Archive for June 2011
I’m a amateur photographer. I enjoy snapping wildlife, travel scenes and catwalk shows and I hope that, one day, National Geographic will use one of my photographs on the cover of their magazine. In the meantime, I occasionally release photos under the Creative Commons Sharealike licence so that they can be used for things like illustrating Wikipedia articles. If you go to Wikipedia, wanting to learn about the Saatchi Gallery or fashion designer John Rocca, there’s a good chance you’ll end up looking at a photograph that I took.
One of those photographs (of tomatoes on a market stall at London’s Borough Market), has proved surprisingly popular. It’s been used by dozens of people around the world to illustrate everything from blog posts and online magazines to a Texan market gardeners’ newsletter. It’s even appeared on dozens local newspaper websites across the US after it was used to illustrate a syndicated recipe column titled 20 Ways to use fresh tomatoes.
Now, I’m very pleased that this photo has been used so widely. It’s for exactly that reason that I released it under the Sharealike licence and most of the people who use my photo adhere to the conditions under which I licensed it, most notably attributing the photo to me. In releasing these photographs under the Sharealike licence, I have deliberately and consciously given up certain rights that I, as a copyright owner, am entitled to. For example, anyone can now use those photographs for commercial purposes without paying me. I have effectively waived my economic rights as a copyright holder, as well as my right to control who makes use of the image and how they do so.
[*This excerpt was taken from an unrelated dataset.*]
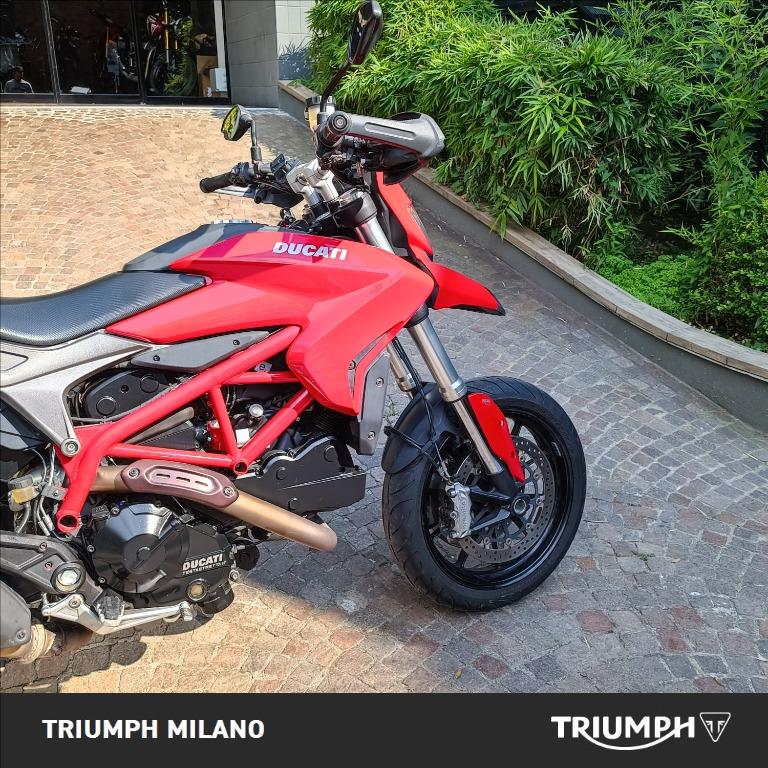 DUCATI Hypermotard 821 Red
However, I have retained my moral right to be identified as the creator of the photographs in question (and it’s worth noting that the CC Sharealike licence deliberately and explicitly reserves that right on the author’s/creator’s behalf).
However, my willingness to share only goes so far. The images I’ve released under the CC Sharealike licence are fine for use online but they’re not of a high enough resolution to be used for print. So, if National Geographic did want to put my photograph of tomatoes on the cover of their magazine, they would need to come direct to me in order to licence the hi-res version.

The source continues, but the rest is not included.